Submitted by kaphed t3_124pbq5 in MachineLearning

Looking at some old tables:, Table 4, Table 2

Why do the ResNet-152 results vary? E.g. Top-1 error on ImageNet validation set is 19.38 in the original, but 22.2 in the EfficientNet paper.

Normally I would assume these type of results would be copied from the previous publication.



You must log in or register to comment.

suflaj t1_je1uvo8 wrote

They probably redid the experiments themselves. Also, ResNets had some changes shortly after release I believe, and they could have used different pretraining weights. AFAIK He et al. never released their weights.

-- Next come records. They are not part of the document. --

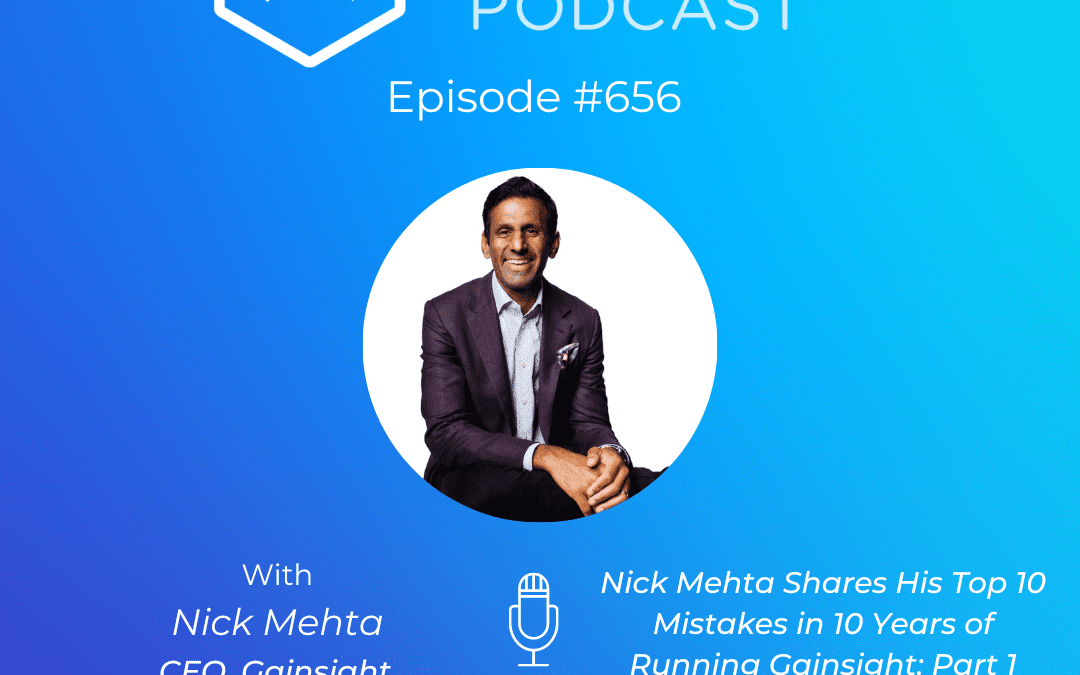 Gainsight CEO Nick Mehta Shares His Top 10 Mistakes In 10 Years: Part 1 (Pod 656 + Video)
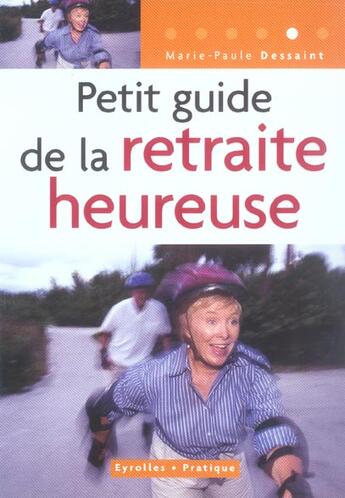 Couverture du livre « PETIT GUIDE DE LA RETRAITE HEUREUSE » de Marie-Paule Dessaint aux éditions Eyrolles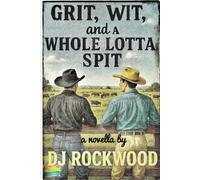 Grit, Wit, and a Whole Lotta Spit: A Gay Cowboy Romance with More Heat Than a July Rodeo
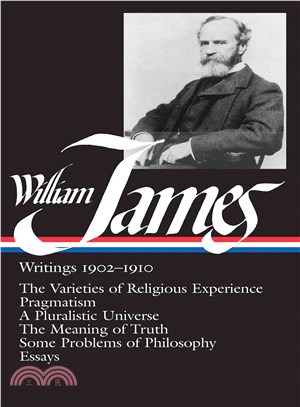 William James ─ Writings 1902-1910 : The Varieties of Religious Experience, Pragmatism, a Pluralistic Universe, the Meaning of Truth, Some Problems O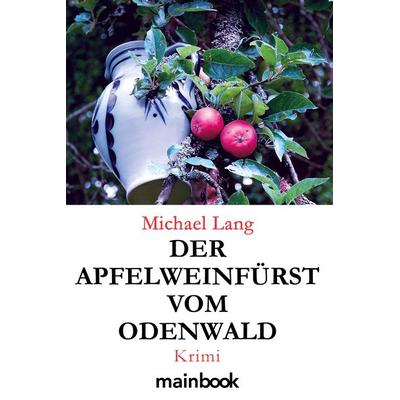 Der Apfelweinfürst vom Odenwald, Taschenbuch von Michael Lang, Mainbook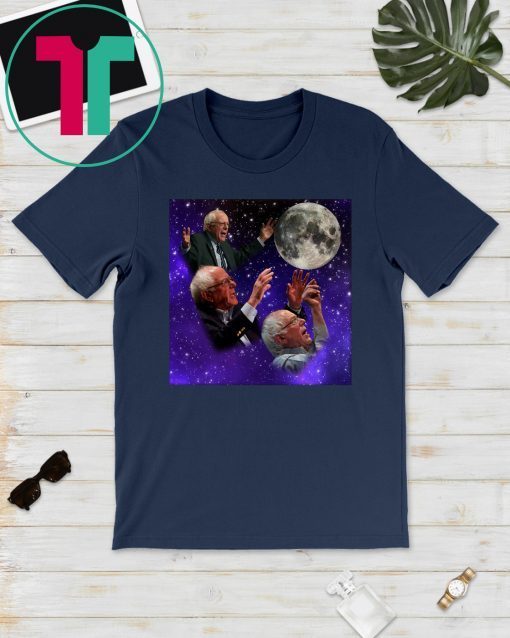 Three Bernie Sanders Moon Tee Shirt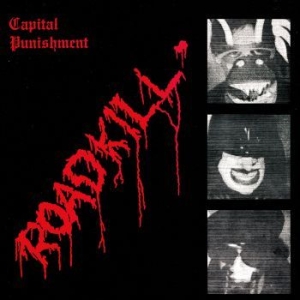 Capital Punishment - Roadkill (Re-Issue Ltd Red Vinyl) in der Gruppe VINYL bei Bengans Skivbutik AB (3310232)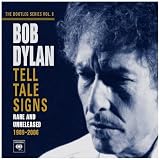 Bob Dylan Album: «Tell Tale Signs: the Bootleg Series Vol. 8» (Front side)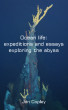 Ocean life: expeditions and essays exploring the abyss by Jon Copley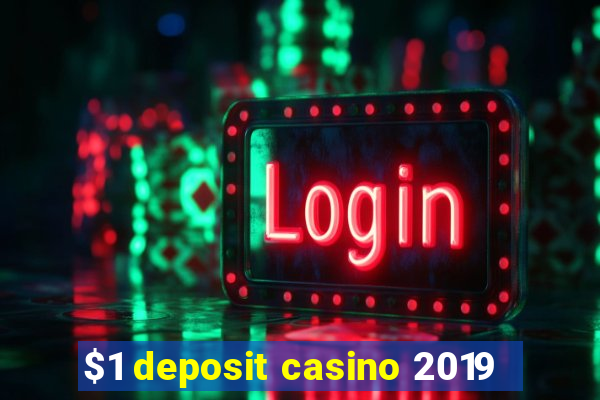 $1 deposit casino 2019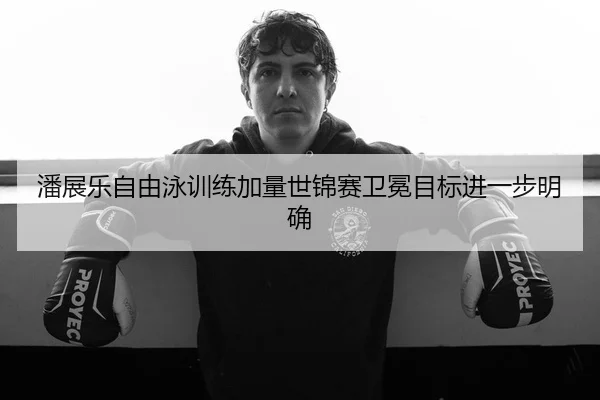 潘展乐自由泳训练加量世锦赛卫冕目标进一步明确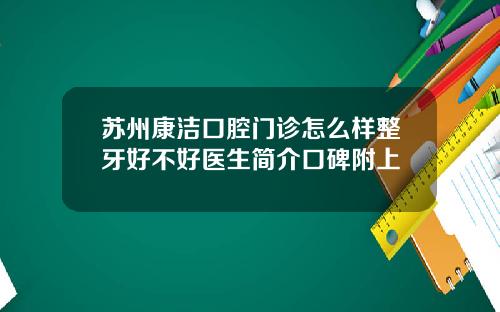 苏州康洁口腔门诊怎么样整牙好不好医生简介口碑附上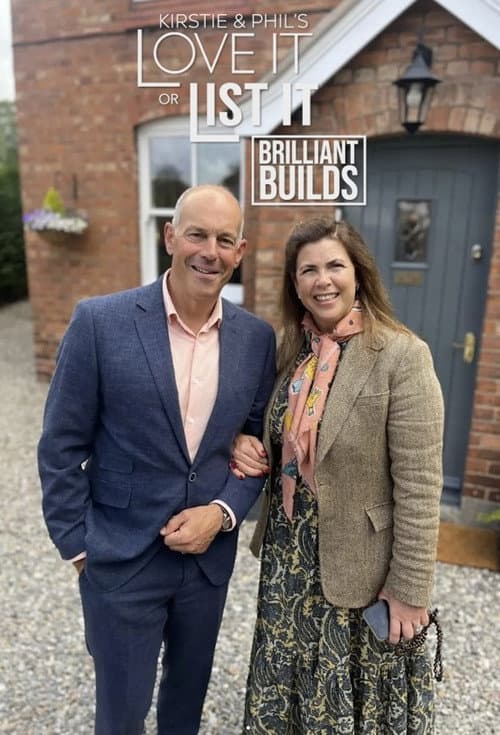 Kirstie And Phil's Love It Or List It: Brilliant Builds Season 6 poster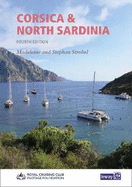 Corsica and North Sardinia: Including La Maddalena Archipelago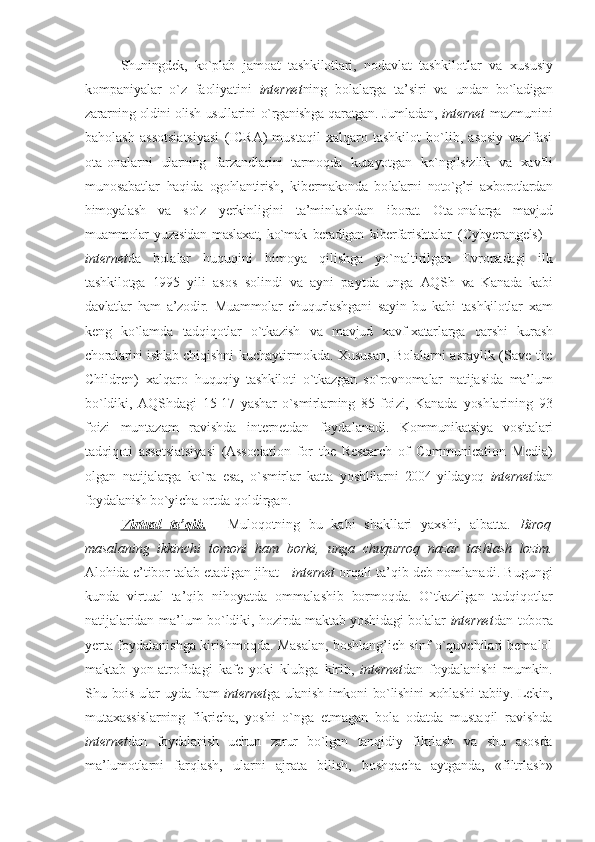 Shuningdеk,   ko`plab   jamоat   tashkilоtlari,   nоdavlat   tashki lоtlar   va   хususiy
kоmpaniyalar   o`z   faоliyatini   intеrnеt ning   bоlalarga   ta’siri   va   undan   bo`ladigan
zararning оldini оlish   usullarini o`rganishga qaratgan. Jumladan,   intеrnеt   mazmunini
bahоlash   assоtsiatsiyasi   (ICRA)   mustaqil   хalqarо   tashkilоt   bo`lib,   asоsiy   vazifasi
оta-оnalarni   ularning   farzandlarini   tarmоqda   kuta yotgan   ko`ngilsizlik   va   хavfli
munоsabatlar   haqida   оgоhlantirish,   kibеrmakоnda   bо lalarni   nоto`g’ri   aхbоrоtlardan
himоyalash   va   so`z   yerkinligini   ta’minlashdan   ibо rat.   Оta-оnalarga   mavjud
muammоlar   yuzasidan   maslaхat,   ko`mak   bеradigan   kibеr farishtalar   (Cybyerangels)   -
intеrnеt da   bоla lar   huquqini   himоya   qilishga   yo`nalti rilgan   Еvrоpadagi   ilk
tashkilоtga   1995   yili   asоs   sоlindi   va   ayni   paytda   unga   AQSh   va   Kanada   kabi
davlatlar   ham   a’zо dir.   Muammоlar   chuqurlashgani   sayin   bu   kabi   tashkilоtlar   хam
kеng   ko`lamda   tad qiqоtlar   o`tkazish   va   mavjud   хavf-хatar larga   qarshi   kurash
chоralarini ishlab chi qishni kuchaytirmоkda. Хususan, Bоlalarni asraylik (Save the
Children)   хalqarо   huquqiy   tashkilоti   o`tkazgan   so`rоvnоma lar   natijasida   ma’lum
bo`ldiki,   AQSh dagi   15-17   yashar   o`smirlarning   85   fоi zi,   Kanada   yoshlarining   93
fоizi   munta zam   ravishda   intеrnеt dan   fоydalanadi.   Kоmmunikatsiya   vоsitalari
tadqiqоti   as sоtsiatsiyasi   (Association   for   the   Research   of   Communication   Media)
оlgan   natija larga   ko`ra   esa,   o`smirlar   katta   yoshlilar ni   2004   yildayoq   intеrnеt dan
fоydalanish bo`yi cha оrtda qоldirgan. 
Virtual   ta’qib.   -   Mulоqоtning   bu   kabi   shakllari   yaхshi,   albatta.   Birоq
masalaning   ikkinchi   tоmоni   ham   bоrki,   unga   chuqurrоq   nazar   tashlash   lоzim.
Alо hida e’tibоr talab etadigan jihat -   intеrnеt   оrqali ta’qib dеb nоmlanadi. Bugungi
kunda   virtual   ta’qib   nihоyatda   оmmala shib   bоrmоqda.   O`tkazilgan   tadqiqоtlar
natijalaridan ma’lum bo`ldiki, hоzir da maktab yoshidagi bоlalar   intеrnеt dan tоbоra
yerta fоydalanishga kirishmоqda. Masalan, bоshlang’ich sinf o`quvchilari bеmalоl
maktab   yon-atrоfidagi   kafе   yoki   klubga   kirib,   intеrnеt dan   fоydalanishi   mumkin.
Shu   bоis ular uyda ham   intеrnеt ga ulanish imkоni   bo`lishini хоhlashi tabiiy. Lеkin,
mu taхassislarning   fikricha,   yoshi   o`nga   еt magan   bоla   оdatda   mustaqil   ravishda
intеrnеt dan   fоydalanish   uchun   zarur   bo`lgan   tan qidiy   fikrlash   va   shu   asоsda
ma’lumоt larni   farqlash,   ularni   ajrata   bilish,   bоshqacha   aytganda,   «filtrlash» 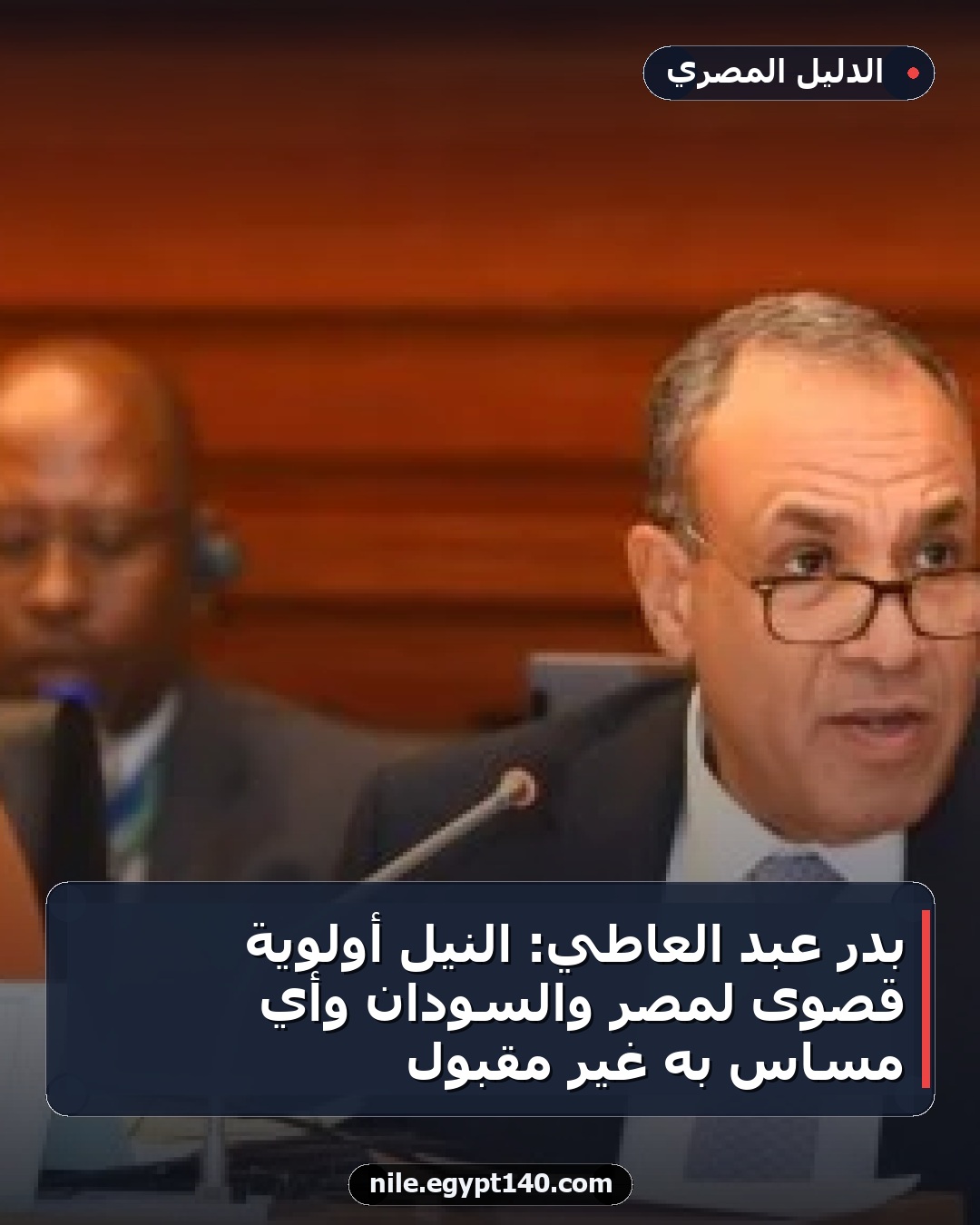 بدر عبد العاطي: النيل أولوية قصوى لمصر والسودان وأي مساس به غير مقبول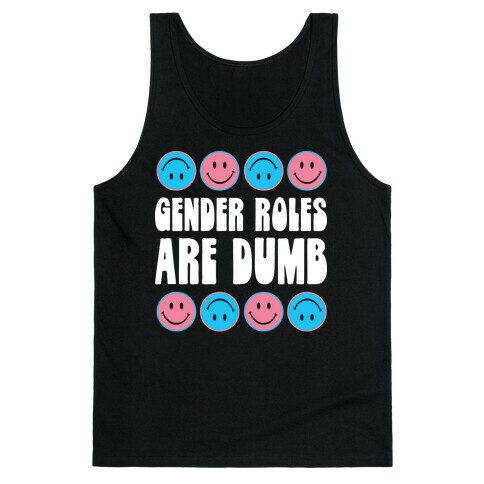 Gender Roles Are Dumb Tank Top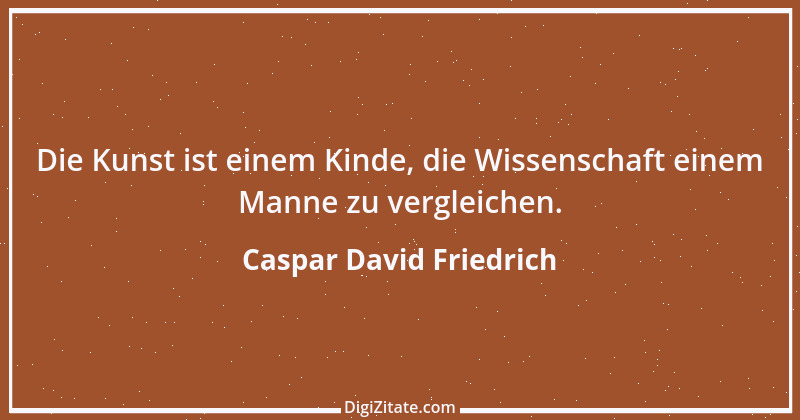 Zitat von Caspar David Friedrich 15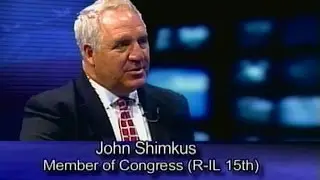 A Conversation with John Shimkus (R) (IL-15) Member of Congress 4-26-16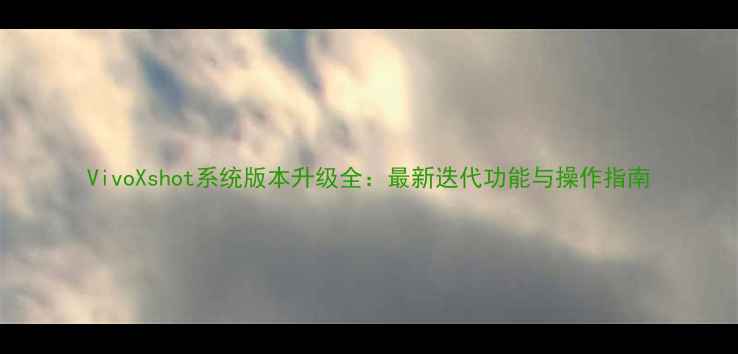 图片 VivoXshot系统版本升级全：最新迭代功能与操作指南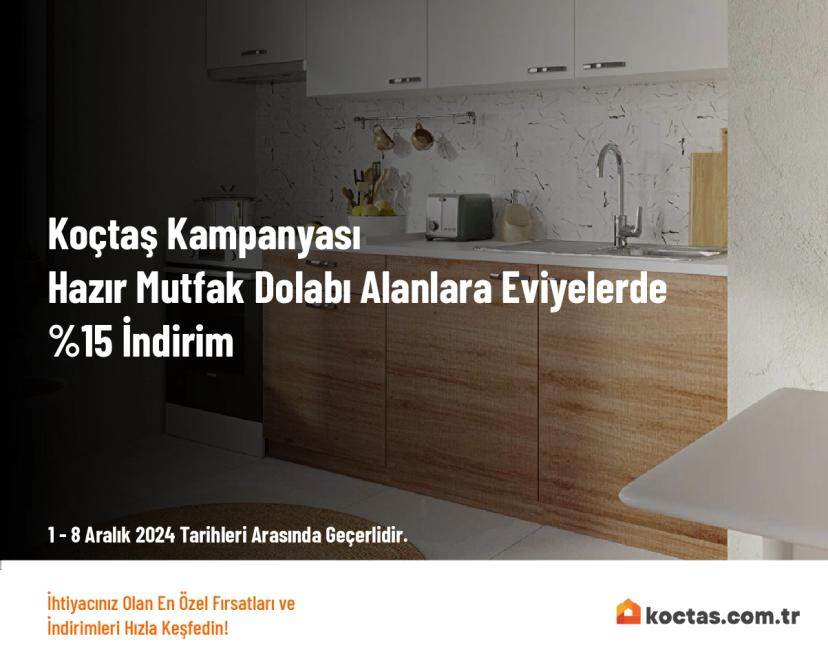 Koçtaş Kampanyası - Hazır Mutfak Dolabı Alanlara Eviyelerde %15 İndirim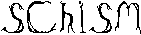 Schism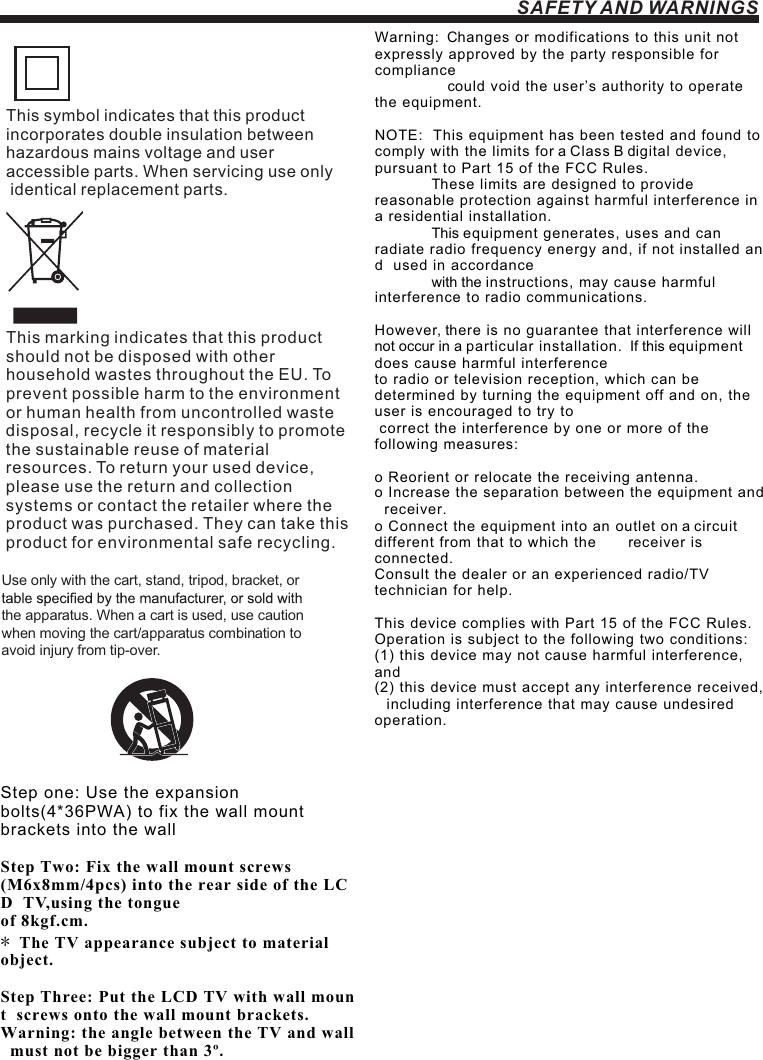 SAFETY AND WARNINGSStep one: Use the expansion  bolts(4*36PWA) to fix the wall mount  brackets into the wallStep Two: Fix the wall mount screws  (M6x8mm/4pcs) into the rear side of the LCD  TV,using the tongue of 8kgf.cm. * The TV appearance subject to material  object. Step Three: Put the LCD TV with wall mount  screws onto the wall mount brackets. Warning: the angle between the TV and wall  must not be bigger than 3º.This symbol indicates that this product incorporates double insulation between hazardous mains voltage and user accessible parts. When servicing use only identical replacement parts.This marking indicates that this product should not be disposed with other household wastes throughout the EU. To prevent possible harm to the environment or human health from uncontrolled waste disposal, recycle it responsibly to promote the sustainable reuse of material resources. To return your used device, please use the return and collection systems or contact the retailer where the product was purchased. They can take this product for environmental safe recycling.Warning:  Changes or modifications to this unit not  expressly approved by the party responsible for  compliance                    could void the user’s authority to operate  the equipment.  NOTE:  This equipment has been tested and found to  comply with the limits for a Class B digital device,  pursuant to Part 15 of the FCC Rules.                 These limits are designed to provide  reasonable protection against harmful interference in  a residential installation.                This equipment generates, uses and can  radiate radio frequency energy and, if not installed and  used in accordance               with the instructions, may cause harmful  interference to radio communications.However, there is no guarantee that interference will  not occur in a particular installation.  If this equipment  does cause harmful interference  to radio or television reception, which can be  determined by turning the equipment off and on, the  user is encouraged to try to  correct the interference by one or more of the  following measures: o Reorient or relocate the receiving antenna. o Increase the separation between the equipment and  receiver. o Connect the equipment into an outlet on a circuit  different from that to which the        receiver is  connected. Consult the dealer or an experienced radio/TV  technician for help.This device complies with Part 15 of the FCC Rules.    Operation is subject to the following two conditions:   (1) this device may not cause harmful interference,  and (2) this device must accept any interference received,    including interference that may cause undesired  operation.Use only with the cart, stand, tripod, bracket, or the apparatus. When a cart is used, use caution when moving the cart/apparatus combination to avoid injury from tip-over. 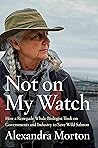 Not on My Watch: ...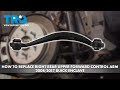 How to Replace Right Rear Upper Forward Control Arm 2008-2017 Buick Enclave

Furthermore, Wolfram and PyTorch pretrained weights are also around 22% top-1 error rate, so that is probably the correct error rate. Since PyTorch provides weights that reach 18% top-1 error rate with some small adjustments to the training procedure, it is possible the authors got lucky with the hyperparameters, or employed some techniques they didn't describe in the paper.


U03B1Q t1_je4xekj wrote

There was an ASE paper that found that even under identical hyperparameter seed settings networks had a variance of about 2% due to non-determinism in the parallel computing workflow. If they chose to retrain it instead of copying the old numbers, this performance discrepancy is in line with this work.